Heeding Green's call, I focus here on concrete corporeal manifestations of different forms of violence among ladinas in eastern Guatemala, using a sociologically (and anthropologically) informed approach that is substantively grounded. This approach situates corporeal questions within unequal social structures and thus contributes to debates about the relationship between body and society. However, in contrast to examining issues of representation or sexuality, I follow Farmer (2003, 2004) and others (e.g., Martín-Baró 1991a, 1991b, 1991c; Torres-Rivas 1998) to focus on concrete expressions of social suffering, on how multiple forms of violence and macro forces coalesce on the body. Similar to Barbara Sutton's (2010: 2) focus on the body as a way to capture multiple social and material crises in Argentina, my angle here also illuminates how forces beyond individuals’ control “reach…lives and bodies in deeply personal ways.” This examination therefore highlights how “power, history, and gender operate through embodied subjectivity and concrete bodily activity” (Green 1998: 4); how the body connects women to extralocal, even global, realms (Sutton 2004, 2010), and how suffering is normalized in small, routine moments. In Martín-Baró's (1994: 13) conceptualization, this examination exposes the “normal abnormality” that the vulnerable endure.
I first examine the physical expressions of violence as they are manifested in the women's bodies, such as common health ailments that result from emotional distress or from the structural violence that shapes their lives. I underscore the normalization of deeply entrenched gender inequality and domination on the more immediate, physical sphere of body ailments and then discuss how the embodiment of violence is expressed in the control of the body in the social milieu, such as women's socializing and visiting. This approach sheds light on visible and invisible, yet still pervasive, forms of violence manifested in the lives of women.
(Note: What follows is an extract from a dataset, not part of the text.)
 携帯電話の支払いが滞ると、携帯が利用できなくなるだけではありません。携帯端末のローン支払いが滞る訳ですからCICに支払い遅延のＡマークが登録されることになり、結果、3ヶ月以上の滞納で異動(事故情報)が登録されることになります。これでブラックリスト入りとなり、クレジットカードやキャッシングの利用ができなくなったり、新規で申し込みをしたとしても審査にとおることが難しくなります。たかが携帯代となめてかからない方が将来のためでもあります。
Although direct physical harm is usually accompanied by mental and emotional pain, the latter is sometimes inflicted alone, leaving no physical marks and no possibility for tracking in tables or statistics. As Emilia noted in the quotation above, these forms of violence are equally damaging, as women are just as maltratadas in both cases.
I want to repeat here that even though violence is often concretized in individual acts, my project is to call attention to the structures, cognitive frameworks, internalized dispositions, and ideologies that make these individual acts possible, tolerated, and accepted. Men are of course affected by the same structures that make the women's pain possible. And I do not wish to negate the heterogeneity and complexity of men's identities and understandings of themselves that Matthew C. Gutmann (1996, 2007) documents so well.Thus, while violence can come from acts by those close to the women, my analysis refocuses attention away from purely individual acts to the structures that shape the context in which women's and men's views and actions are shaped.